The Star Wars universe is huge. Films, radio dramas, multiple television series, novels, comic books, prequels, sequels (and this December an in-between story — Rogue One: A Star Wars Story)—these all make up a rich mythology that tell the story of a galaxy filled with magic and characters and technology that have inspired generations. At one point in the not-too-distant past, it was possible to enjoy the films without having to digest the other varieties of Star Wars properties, but beginning with Phantom Menace in 1999, some of the Expanded Universe character began to seep into the films (Aurra Sing? Quinlan Voss? Aayla Secura?).
I suppose that one could ignore them and still find the movies as entertaining as ever, but to understand and appreciate the characters, one must dive into the full world of Star Wars. And the best place for one to begin this journey is the new Star Wars novel Ahsoka by E.K. Johnston— out now from Disney-Lucasfilm Press).
Ahsoka Tano was a Padawan to famed Jedi Knight Anakin Skywalker. After a series of events during her time in the Clone Wars left her confused and disenchanted with the way of the Jedi, she left the order and set out on her own in the galaxy. These adventures were detailed in the very well done animated series The Clone Wars, which took place between the events of films Attack of the Clones and Revenge of the Sith. Soon thereafter, a new animated series, Star Wars: Rebels was released, and we find ourselves encountering Ahsoka once again (I won’t say how in case you haven’t had the chance to see this very good series). The novel Ahsoka bridges the gap between these two series, and does a fantastic job of uniting the film franchises with expanded universe characters and plot lines.
When we join Ahsoka, she has been living in secret as Ashla. Careful to avoid Imperial entanglements, she is working as a mechanic for a family that runs a freighter business. Like her maturing montrals (the bumps or horns on top of a Togruta’s head), Ahsoka is growing. Despite her overriding desire for self-preservation, she has a difficult time seeing others suffer and does what she can to help, though she is unable to help fully; to avoid being destroyed she must hide her true nature of Jedi, or near-Jedi. Order 66 left the galaxy free of Jedi, or at least free from the Jedi Order. Any Jedi that may exist are in hiding, as they are being hunted down by the Empire, who are either killing the Jedi, or twisting the powers of any Force-sensitive children to the sick will of the Emperor. As she learns, just because she walked away from the Jedi Order does not mean that she will ever be entirely free from her connection to the Force.
Having to pull up and run again, she lands on the agricultural moon Raada where she sets up shop as a mechanic, repairing farming equipment for locals and trying to stay as unattached as possible. But the Empire needs food, and Raada fits their profile, so Ahsoka’s planned detachment is put to the test.

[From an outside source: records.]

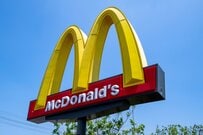 「日本マクドナルドホールディングス」株主になるにはいくら必要？1年前に買った人のリターンはいくら？株主優待は「食事券」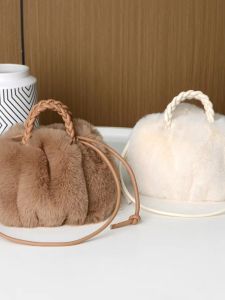 Cute Pumpkin Plush Bag Single Shoulder Cloudlike Autumn Winter Ladies Handbag Fashionable Crossbody Bag for Women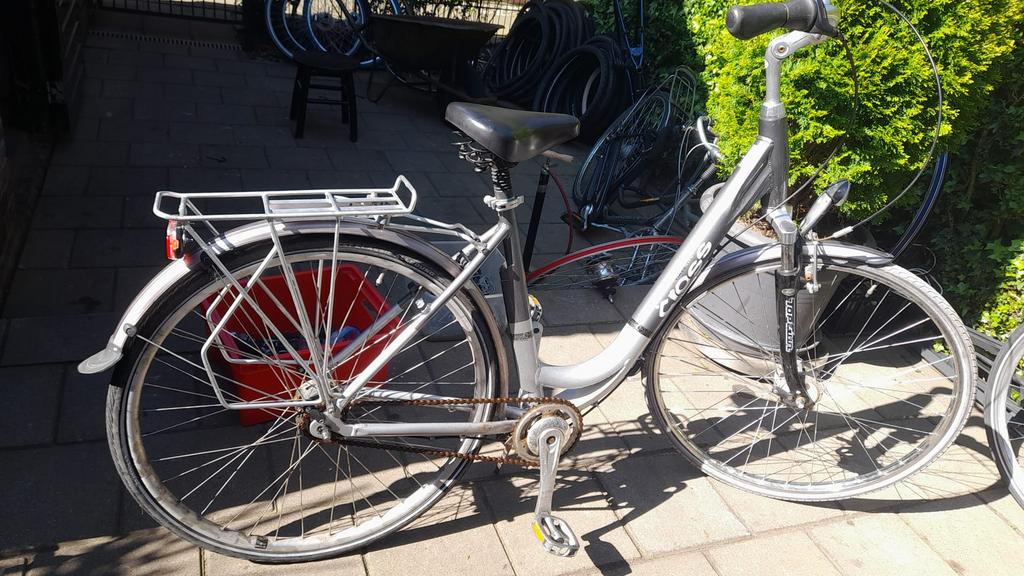 Damesfiets, Fietsen en Brommers, Fietsen | Dames | Damesfietsen, Ophalen, Zo goed als nieuw, Overige merken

Should she stay and fight with local armies against the Empire, risking her true nature as a student of the Force? Or let them fight their battles and preserve her own life? It doesn’t seem to matter when or where Ahsoka runs, the Empire stands heavy over all that happens in the galaxy. No place is out of the reach of the Emperor’s cold grasp.

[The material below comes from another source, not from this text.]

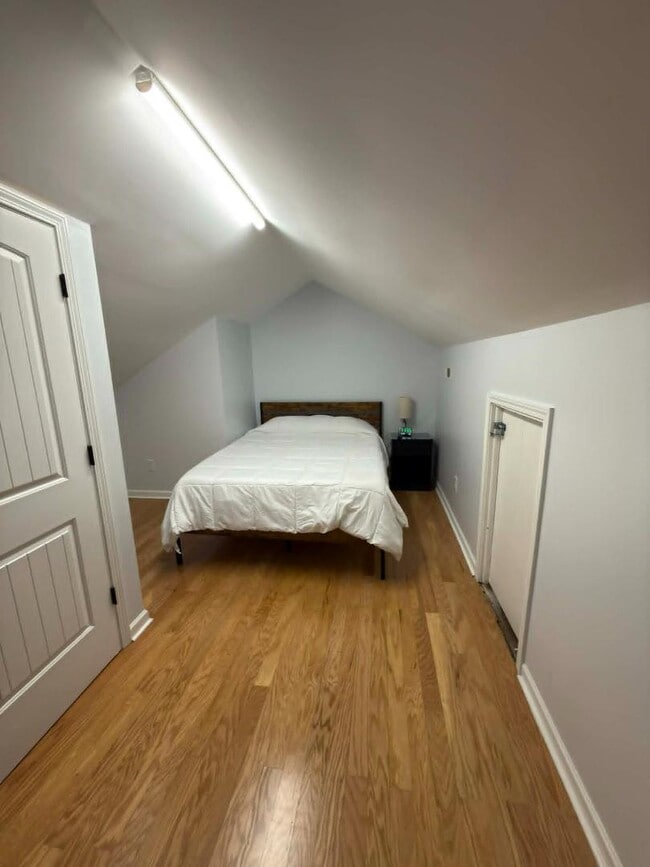 Photo - 100 Bleckley Ave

Ahsoka builds off of some of Star Wars’ common themes. One of these is the importance of teams and alliances, joining them and choosing the right ones. These groups seem can come from anywhere and the most enjoyable stories come from the least likely of connections. Another theme is that a common character can unite many to do great things. Luke did it in Star Wars: A New Hope. In this book, Tano not only brings many together to fight the common good, but her novel also seems to band together all of the Star Wars properties into one great line of continuity. Her connection to Anakin and Obi Wan from the Clone Wars, her role in Rebels, and now the events that unfold in her solo novel act as a unifying force between film, television, novels and comic books. Not an easy task to accomplish, but one that Johnston does well.

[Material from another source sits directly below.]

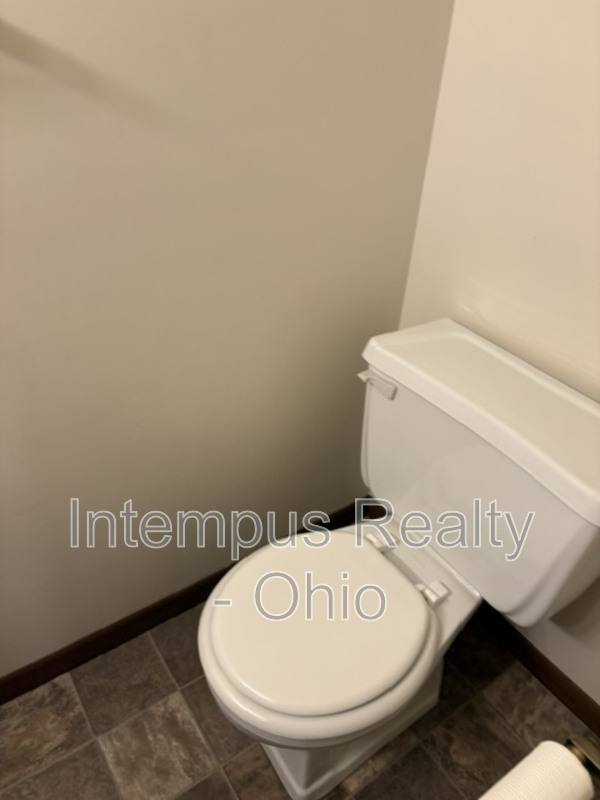 Apartment for rent at 794 Kentwood Dr, Youngstown, OH 44512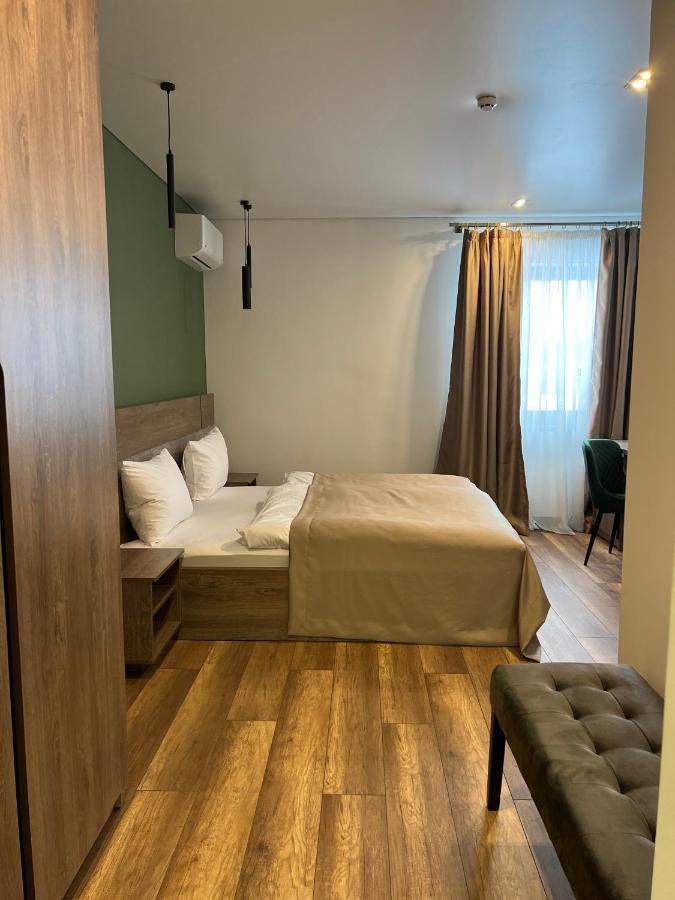 Loft Wood Hotel Mukacheve Ngoại thất bức ảnh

It was no surprise that I should enjoy the book. Johnston’s writing flows easily, even during times of exposition and description. I noticed that from the first page, she drew me into the Star Wars universe very quickly. She includes all of the cues that a reader would need in order to know that they are in the world of Star Wars—an intro/flashback that puts you at Ahsoka’s side as she battled Darth Maul, the Force, the Jedi Order, distaste for the Empire—these are all invoked early and allow the mind and spirit to happily return to a galaxy far, far away.
(A word on content: this is by no means a kid’s book. There are brutal battles and violence that help to establish the seriousness of the threat facing the people of Raada and Ashoka. Some would see the female protagonist as a way to introduce Star Wars to a younger generation, but this female Togruta is ready and willing to fight, as is her adversary, who pulls no punches as he tries to lure Ahsoka out from hiding. You’ve been warned—the violence depicted in this story is every bit as grown up as it can get.)
I hope that this isn’t the last we hear from Ahsoka Tano. Her adventures are sure to keep many a Star Wars fan dreaming of lightsabers and lightspeed for years to come. If you are looking for a way to pass the months until Rogue One, or just eager to continue learning about the Jedi, pick up Ahsoka by E.K. Johnston, available everywhere now.